Unless you're talking about the mythical (as far as I can discover) mpeg4 reception hack, these special ways are diminishing in utility. Turning off the cci flag and transferring lifetime easily from unit to unit (with the original series 3's) don't mean much without the ability to receive programming in the first place.


----------



## karpodiem (Mar 18, 2008)

Wil said:


> Unless you're talking about the mythical (as far as I can discover) mpeg4 reception hack, these special ways are diminishing in utility. Turning off the cci flag and transferring lifetime easily from unit to unit (with the original series 3's) don't mean much without the ability to receive programming in the first place.
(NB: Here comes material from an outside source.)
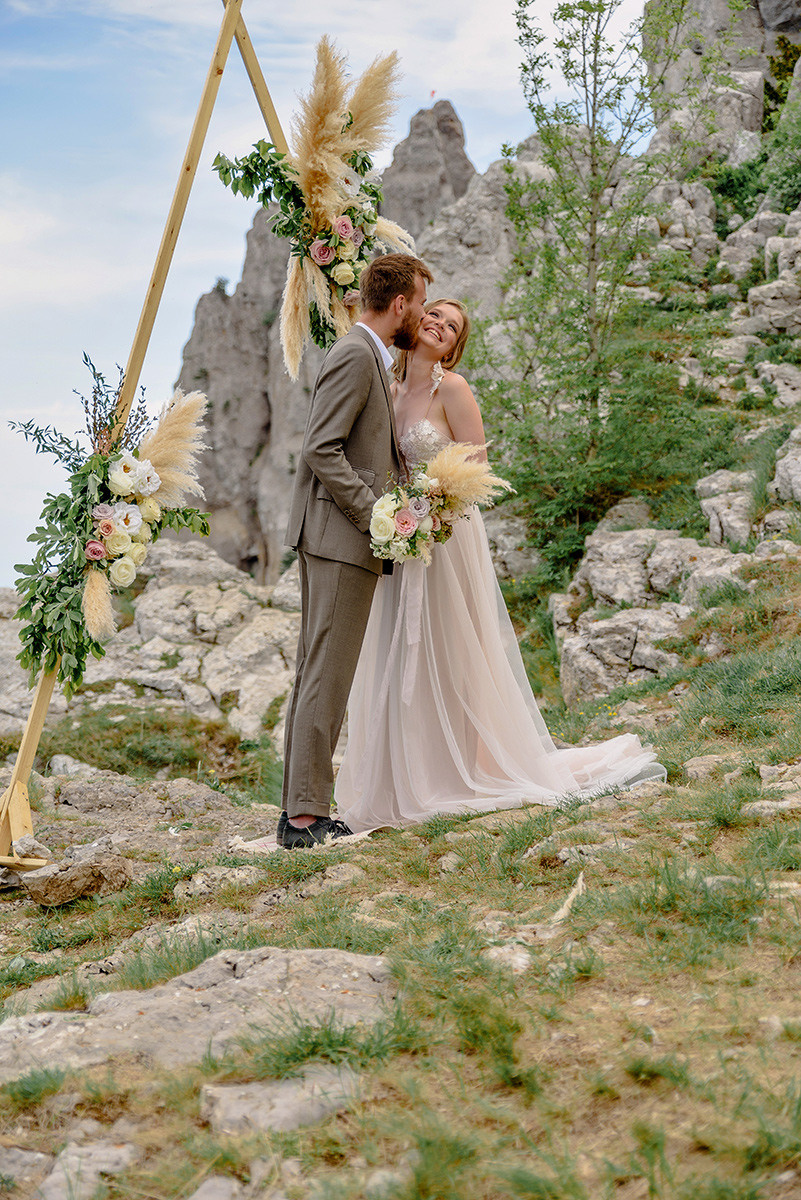 Фотосъемка свадьбы в горах Ай-Петри. Свадебный и семейный фотограф в Москве Светлана Зоткина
They're all activated through TiVo's service, four on lifetime, three on monthly. The three on monthly are sitting on a shelf. Four are actively tuning in programming. If one of the four dies, one comes off the shelf to replace it, and maybe I'll switch it to lifetime.

I live in a Midwest market where Comcast was fortunately not able to divest through their failed merger, so they are stuck with us, and I doubt this market is very profitable for them because it's very price sensitive. I don't see them upgrading this market to MPEG-4 for at least 5-7 years, if not longer.


----------



## Fernwood (Sep 11, 2014)

Joe01880 said:


> I have a TiVo HD with Lifetime Service.
> Can I transfer that service to a new TiVo, a Bolt or Roamio or even transfer it to my current Roamio Pro?
> 
> Sent from my LG G4 using Tapatalk


No


----------



## lessd (Jan 23, 2005)

tarheelblue32 said:


> No, but as I said TiVo should have had some kind of notice before this change, when their policy since they have been in existence as a company has been that you can activate old units. How about just them putting up some kind of notice on their website saying that in 90 days, these old units will no longer be able to be activated with service. That doesn't seem too burdensome to me. They should also have notified places like Amazon about this change so that Amazon could put some kind warning about this change on the sales pages of these outdated units.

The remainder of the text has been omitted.